L’addio (forzato) a Parmalat e quella lezione al Paese

Ebbene ritorniamo al punto di partenza e cerchiamo di capire perché dovremmo svegliarci e ragionare, senza piagnistei, sul latte, è il caso di dirlo, versato. La Parmalat, ovviamente, non è stata sempre francese. E non intendo all’epoca di Tanzi e dei suoi trucchi contabili. Fino alla primavera del 2011, quando comparvero i Besnier, era lì quotata in Borsa, con 1,5 miliardi di cassa, derivante dalle cause di risarcimento intentate da Enrico Bondi, senza un azionista di riferimento che comandasse. Era una bella preda che nessuno dei nostri imprenditori voleva conquistare. Pensavano di tenerla là in caldo, chissà per chi e per cosa. La famiglia francese ci ha riflettuto molto e compiendo l’acquisizione più importante della sua storia, ha portato a casa il bottino e lo gestisce, legittimamente, come crede. Parmalat d’altronde è un’impresa che vende beni di largo consumo: difficile anche per il più incallito protezionista della nostra epoca pensare ad una diga per «fermare lo straniero». E soprattutto in mancanza totale di imprenditori italiani interessati. Oggi piangiamo, ieri ballavamo intorno alla preda.
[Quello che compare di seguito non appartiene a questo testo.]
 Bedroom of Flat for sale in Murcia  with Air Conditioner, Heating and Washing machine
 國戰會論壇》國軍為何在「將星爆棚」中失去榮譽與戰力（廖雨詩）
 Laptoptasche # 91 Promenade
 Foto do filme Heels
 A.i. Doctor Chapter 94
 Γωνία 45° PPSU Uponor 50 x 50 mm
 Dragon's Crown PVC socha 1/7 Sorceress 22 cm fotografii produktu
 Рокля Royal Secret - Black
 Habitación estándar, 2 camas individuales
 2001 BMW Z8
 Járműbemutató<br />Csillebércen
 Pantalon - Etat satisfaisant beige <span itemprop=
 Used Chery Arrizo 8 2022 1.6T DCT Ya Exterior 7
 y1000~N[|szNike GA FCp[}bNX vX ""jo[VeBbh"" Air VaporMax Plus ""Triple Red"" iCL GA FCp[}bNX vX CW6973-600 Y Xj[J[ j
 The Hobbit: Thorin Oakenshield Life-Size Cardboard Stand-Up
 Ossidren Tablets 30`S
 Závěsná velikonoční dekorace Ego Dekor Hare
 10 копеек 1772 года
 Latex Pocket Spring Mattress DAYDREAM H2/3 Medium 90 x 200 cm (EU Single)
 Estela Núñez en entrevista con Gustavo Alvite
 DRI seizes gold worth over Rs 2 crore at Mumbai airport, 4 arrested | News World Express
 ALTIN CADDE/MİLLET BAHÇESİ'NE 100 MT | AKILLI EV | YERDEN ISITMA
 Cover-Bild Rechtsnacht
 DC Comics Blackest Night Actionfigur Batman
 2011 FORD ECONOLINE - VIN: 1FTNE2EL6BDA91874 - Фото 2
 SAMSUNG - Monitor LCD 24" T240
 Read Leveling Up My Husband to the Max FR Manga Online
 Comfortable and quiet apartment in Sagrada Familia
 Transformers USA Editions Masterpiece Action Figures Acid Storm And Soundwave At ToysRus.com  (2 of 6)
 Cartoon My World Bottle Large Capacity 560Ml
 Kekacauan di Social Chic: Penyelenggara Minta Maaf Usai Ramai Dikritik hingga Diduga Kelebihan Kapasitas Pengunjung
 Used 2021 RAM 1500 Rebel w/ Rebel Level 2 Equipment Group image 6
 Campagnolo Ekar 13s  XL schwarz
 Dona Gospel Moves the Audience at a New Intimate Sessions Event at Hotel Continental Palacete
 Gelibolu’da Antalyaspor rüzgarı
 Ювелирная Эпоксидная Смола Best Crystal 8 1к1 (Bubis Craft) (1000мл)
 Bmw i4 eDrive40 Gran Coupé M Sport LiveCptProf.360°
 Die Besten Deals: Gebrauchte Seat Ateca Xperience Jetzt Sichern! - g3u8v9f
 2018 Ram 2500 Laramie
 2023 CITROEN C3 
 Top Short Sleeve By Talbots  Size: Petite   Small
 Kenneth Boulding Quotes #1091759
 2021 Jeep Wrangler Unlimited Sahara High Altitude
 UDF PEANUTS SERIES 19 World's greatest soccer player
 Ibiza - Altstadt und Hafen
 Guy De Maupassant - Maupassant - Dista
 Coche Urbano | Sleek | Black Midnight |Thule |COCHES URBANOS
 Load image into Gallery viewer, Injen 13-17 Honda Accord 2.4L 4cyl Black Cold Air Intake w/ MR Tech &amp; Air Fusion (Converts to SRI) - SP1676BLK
Ecco, in giro di questi tempi ci sono un bel po’ di Parmalat. Per carità nessuno dice che si debba piegare il mercato: alle volontà di chi, poi? Basta essere intellettualmente onesti e sapere che là fuori ci sono un bel po’ di cartelli vendesi: Carige, una banca che nonostante tutto ha ancora un buon grado di fidelizzazione; Astaldi che ha un buon portafoglio ordini, una grande storia, ma una sofferenza finanziaria pazzesca; Ferrarini, un marchio premium, che però i legittimi proprietari non vogliono spezzettare; Tim che dalla scalata di Colaninno in poi è in balia più della sua governance che del traffico che genera. Ci auguriamo solo che non finiscano tutte come Parmalat.